• [EXERCISE GOAL]: Set the records down again exactly, apart from any pictures in them.

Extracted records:
>>>

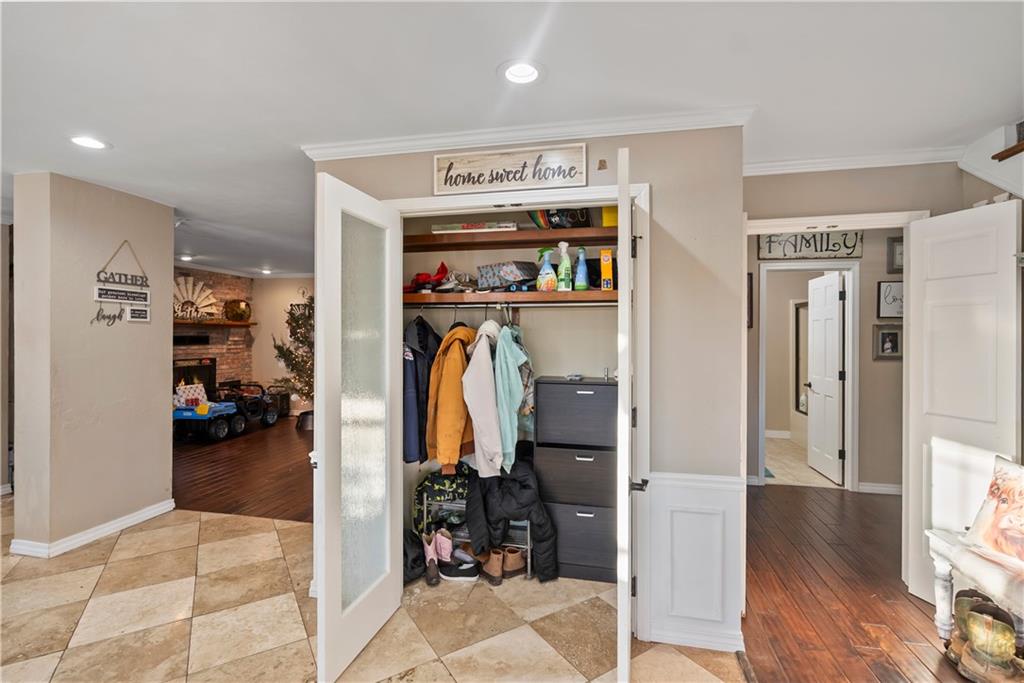 1700 Cedar Ridge Road Parsons, KS 67357 - Photo 31 of 93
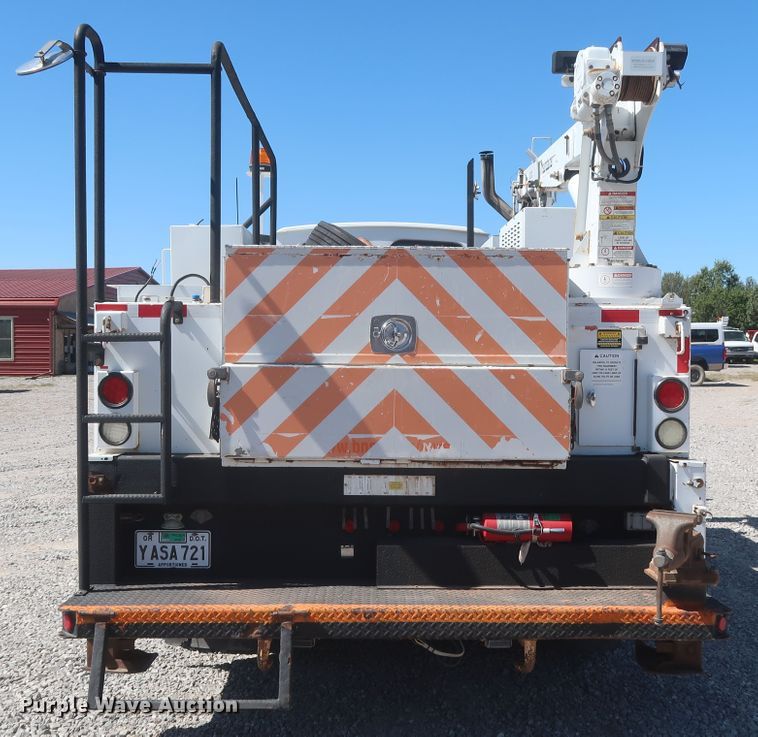 image for item HJ9404 2007 Sterling Acterra  utility truck with crane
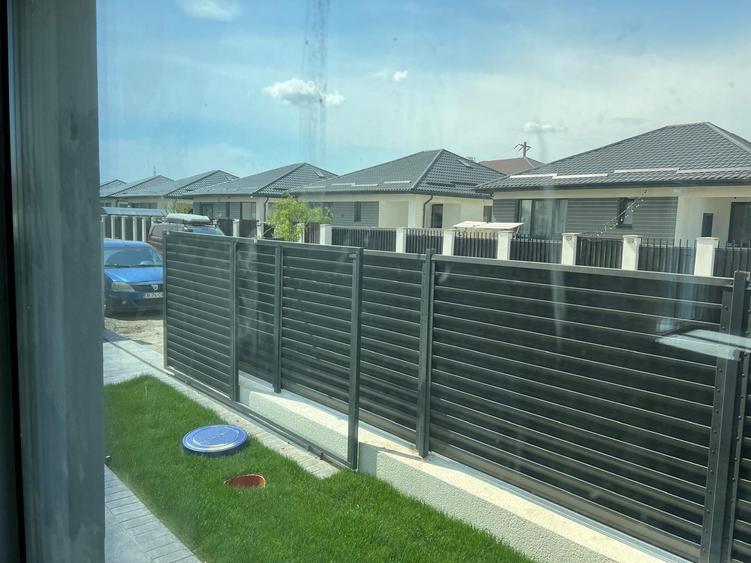 Casă cu 4 camere cu Teren 270 Mp în Est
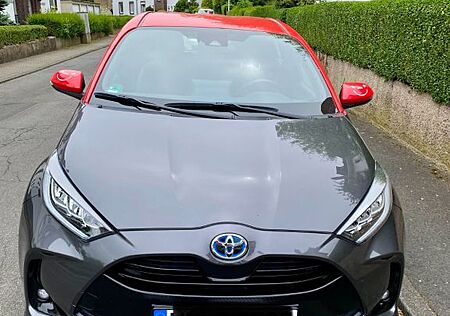 Toyota Yaris 1.5-l-VVT-i Hybrid CVT Tokyo Spirit To...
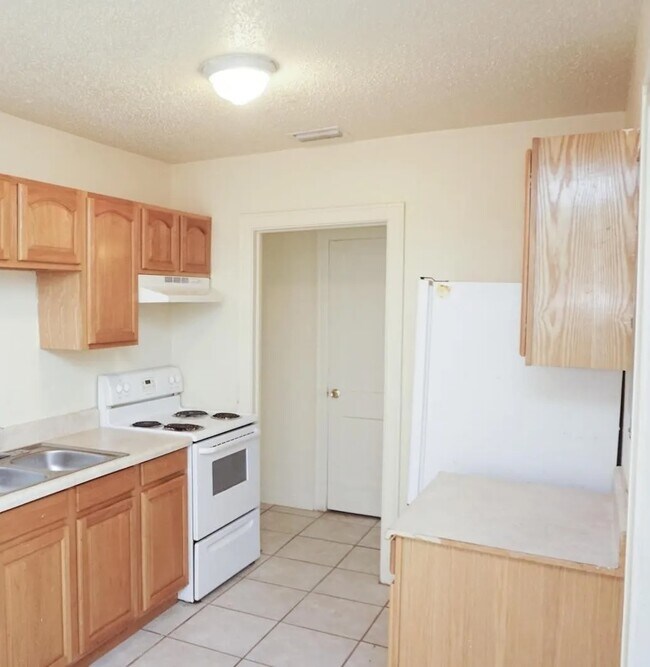 Photo - 7545 Wilder Ave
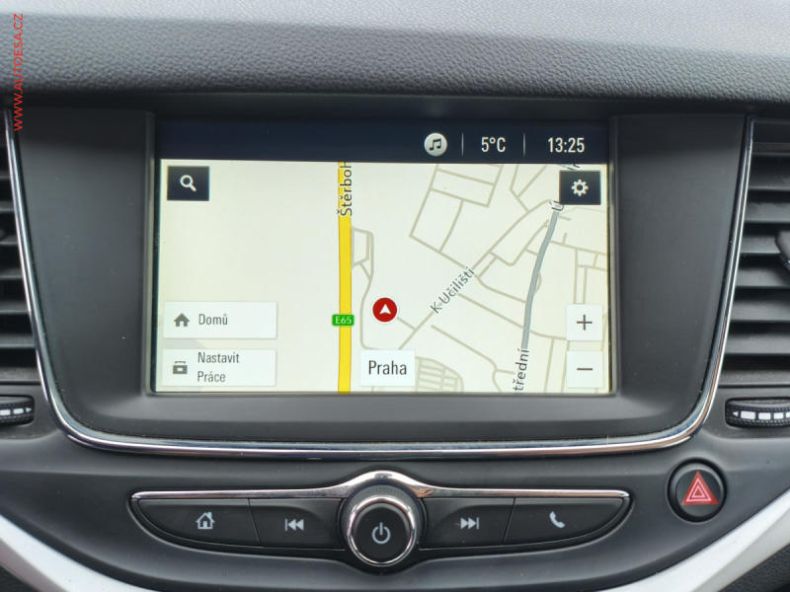 Opel Astra - hlavní fotka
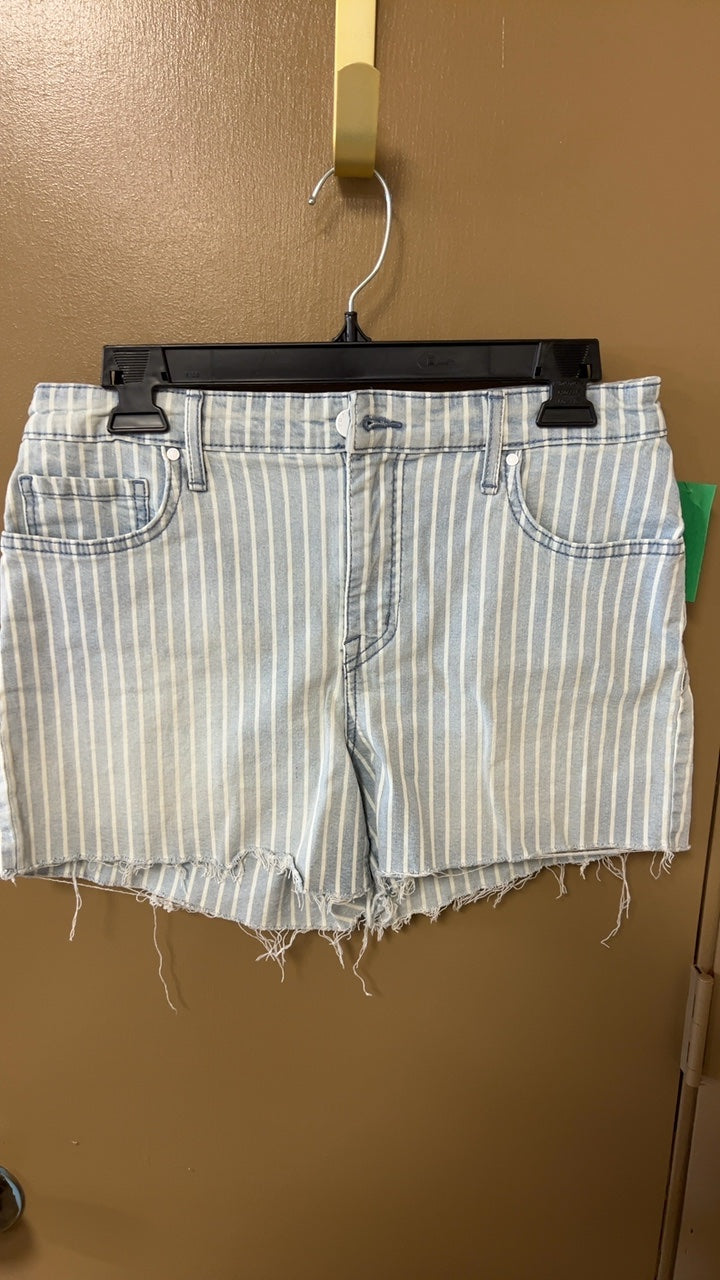 Stripped Shorts 8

<<<

• [RESULT FOR THIS EXERCISE]:
 1700 Cedar Ridge Road Parsons, KS 67357 - Photo 31 of 93
 image for item HJ9404 2007 Sterling Acterra  utility truck with crane
 Casă cu 4 camere cu Teren 270 Mp în Est
 Toyota Yaris 1.5-l-VVT-i Hybrid CVT Tokyo Spirit To...
 Photo - 7545 Wilder Ave
 Opel Astra - hlavní fotka
 Stripped Shorts 8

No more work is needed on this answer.